Tel Aviv is weighing a response to a deadly rocket strike in the Israeli-occupied Golan Heights, which Israel and the United States blamed on Lebanese armed group Hezbollah.
The market reaction exposes the fragility of investor sentiment following last week’s swift tech share sell-off, which helped the yen rally to its strongest level in 12 weeks against the dollar on Thursday.
The dollar was last down 0.17% at 153.51 yen after slipping as much as 0.35% initially.
It had started the day by gaining as much as 0.36%, as the global equity market rebound from Friday extended into Monday in Asia, with Japan’s Nikkei stock average up more than 2%.
The dollar dipped as low as 151.945 on Thursday for the first time since May 3, and ended the week down 2.4%, its worst weekly performance since late April.
“The rally seemed to stall” in dollar-yen following the Israel news, said Shinichiro Kadota, a currency and rates strategist at Barclays in Tokyo. “Sentiment remains fragile.”
Ultimately though, “U.S. equities are still the key,” Kadota added. “Market moves have been led by U.S. equities, and we need to see if things stabilize there.”
The U.S. earnings calendar this week is populated with heavyweights including Amazon, Apple, Meta and Microsoft.
Currency traders also need to contend with policy decisions from both the Bank of Japan and Federal Reserve on Wednesday, followed by the Bank of England a day later.
Speculation has grown that the BOJ will raise interest rates on Wednesday at the same time as significantly reducing its monthly bond purchases.
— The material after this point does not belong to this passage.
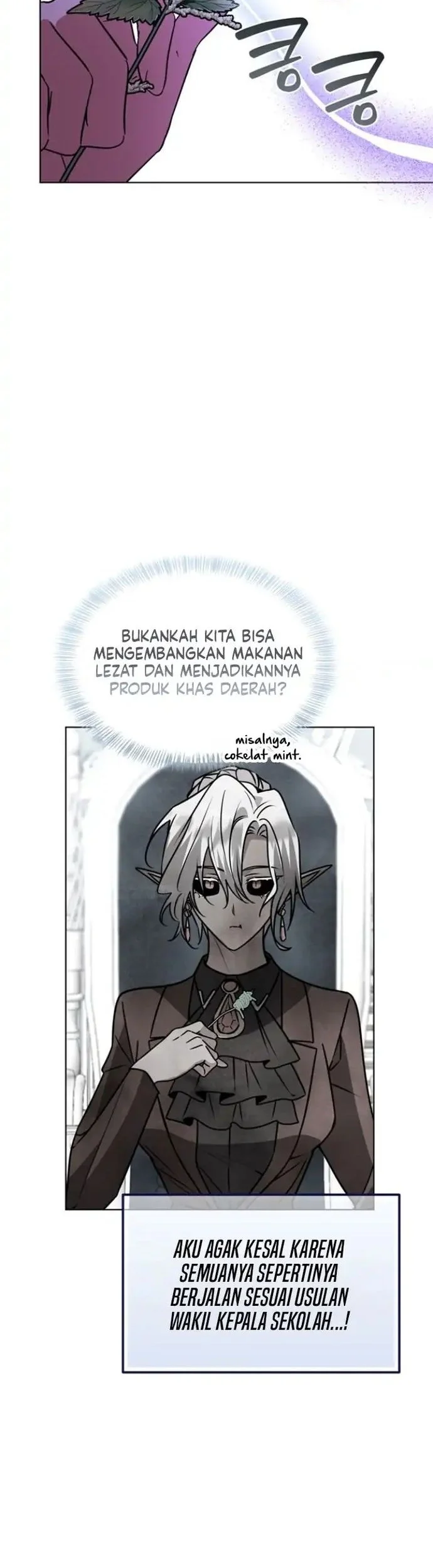 My Ruined Academy Life Chapter 112 Gambar 17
It had promised to outline its quantitative tightening (QT) plans at this meeting during its previous gathering last month.
“If the BOJ holds off on hiking rates, it will need to announce a more aggressive QT programme than expected to avoid a ‘sell-the-rumour, buy-the-fact’ … reaction in USD/JPY,” said Tony Sycamore, a market analyst at IG.
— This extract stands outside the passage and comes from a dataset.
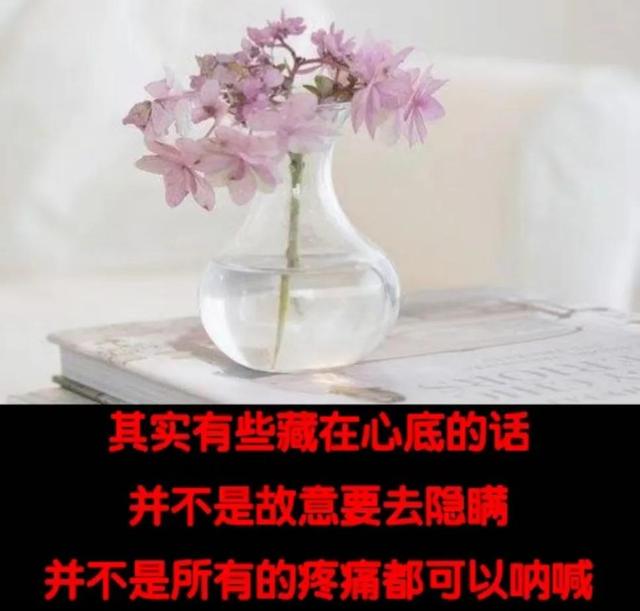 如何去做一件事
Elsewhere, the Fed is widely expected to leave rates unchanged this week, but cut them by a quarter point at the following meeting in September.
The dollar index, which measures the currency against the yen, euro, sterling and six other major peers, fell 0.19% to 104.17.
The euro eased 0.15% to 166.53 yen, and added 0.12% to $1.0868.
It was flat at 84.35 British pence, not straying far from the high of 84.48 pence from Friday, the strongest since July 10.
Sterling added 0.14% to $1.2885.
Markets see the odds of a BoE first rate cut on Thursday as a coin toss.
Elsewhere, the Australian dollar gained 0.24% to $0.6563, recovering from Friday’s low of $0.65105, a level not seen since the start of May.
Leading cryptocurrency bitcoin advanced 2.6% to $69,212, receiving some support from positive comments from Republican presidential candidate Donald Trump, who told a bitcoin conference on Saturday that the U.S. must dominate the sector or China would.